Task item:
Every record below is to be copied exactly, with its images omitted.

Source records:
-- Opening Marker --

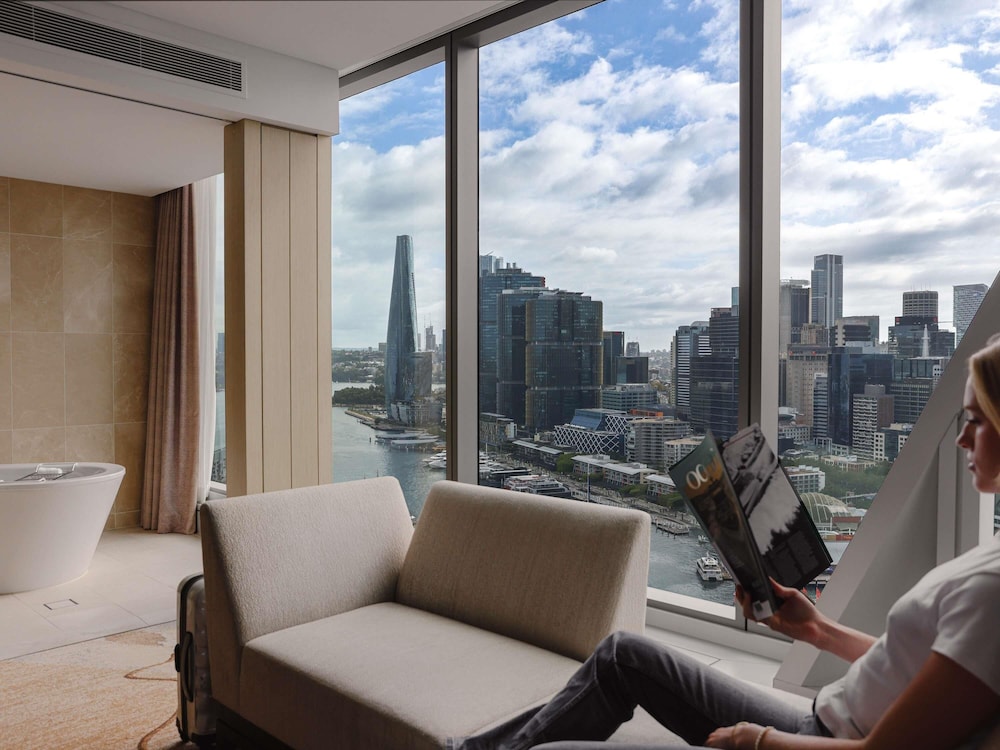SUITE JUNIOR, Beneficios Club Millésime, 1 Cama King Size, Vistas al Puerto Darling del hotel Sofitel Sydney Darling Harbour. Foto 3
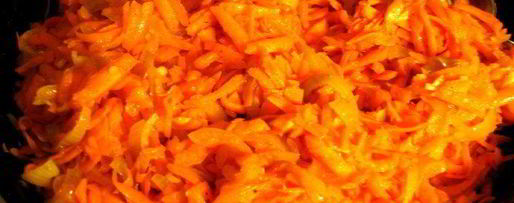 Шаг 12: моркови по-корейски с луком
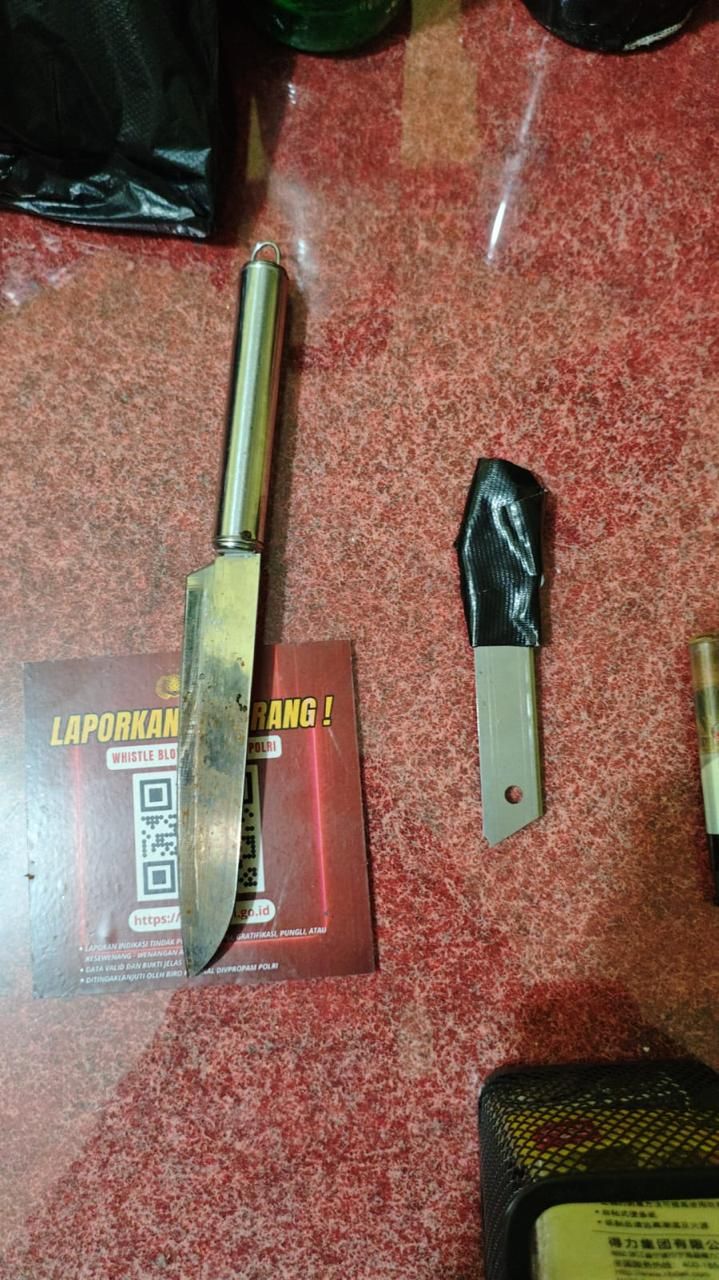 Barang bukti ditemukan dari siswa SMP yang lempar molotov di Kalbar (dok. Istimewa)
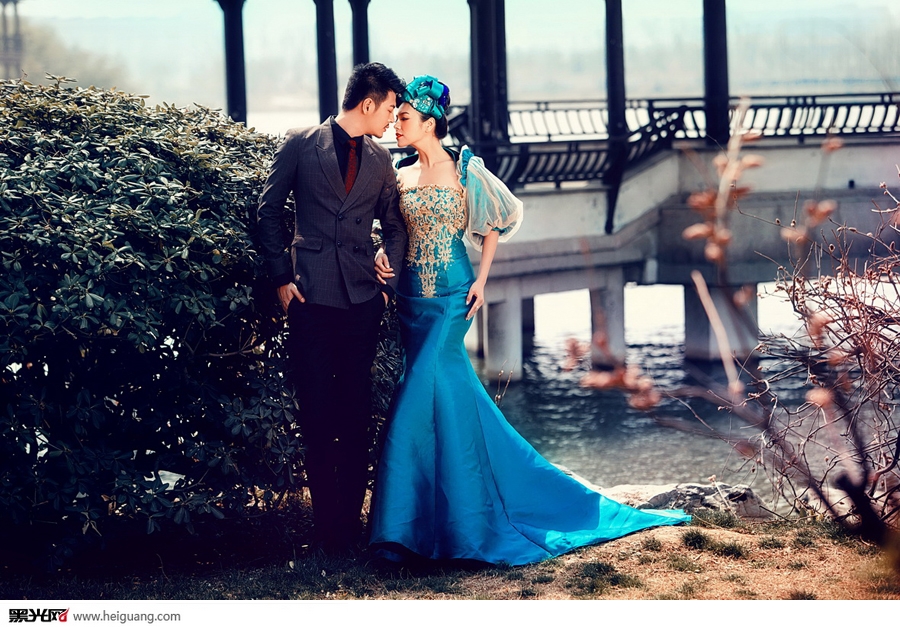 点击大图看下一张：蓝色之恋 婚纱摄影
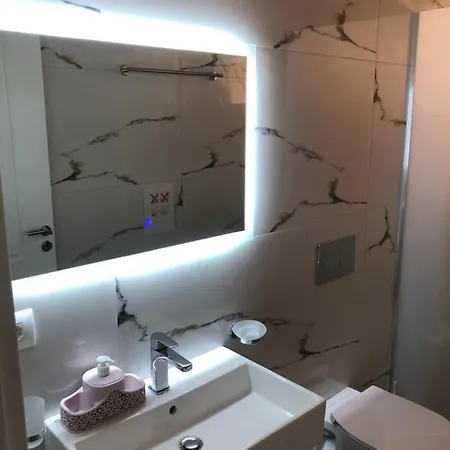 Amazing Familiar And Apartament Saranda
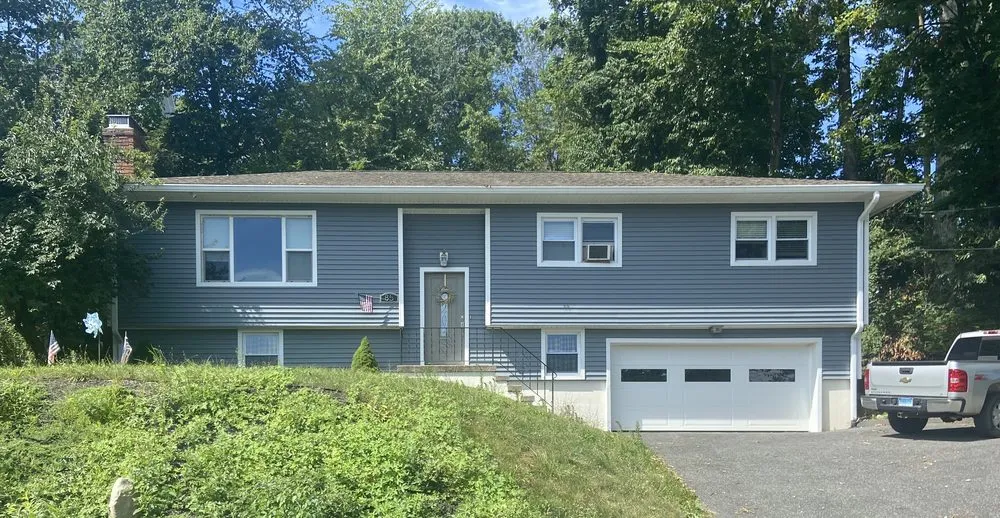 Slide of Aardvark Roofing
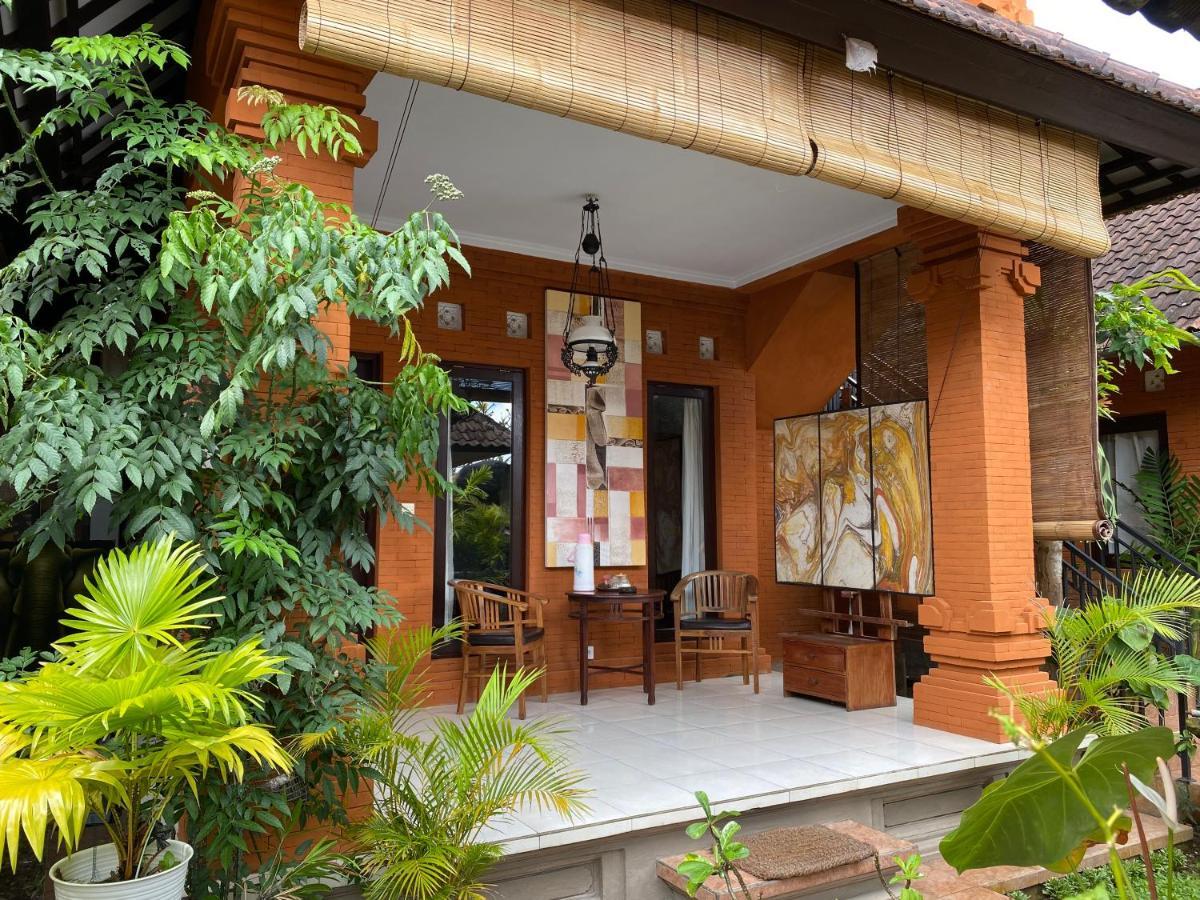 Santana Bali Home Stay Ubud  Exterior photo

-- Closing Marker --

Exercise solution:
SUITE JUNIOR, Beneficios Club Millésime, 1 Cama King Size, Vistas al Puerto Darling del hotel Sofitel Sydney Darling Harbour. Foto 3
 Шаг 12: моркови по-корейски с луком
 Barang bukti ditemukan dari siswa SMP yang lempar molotov di Kalbar (dok. Istimewa)
 点击大图看下一张：蓝色之恋 婚纱摄影
 Amazing Familiar And Apartament Saranda
 Slide of Aardvark Roofing
 Santana Bali Home Stay Ubud  Exterior photo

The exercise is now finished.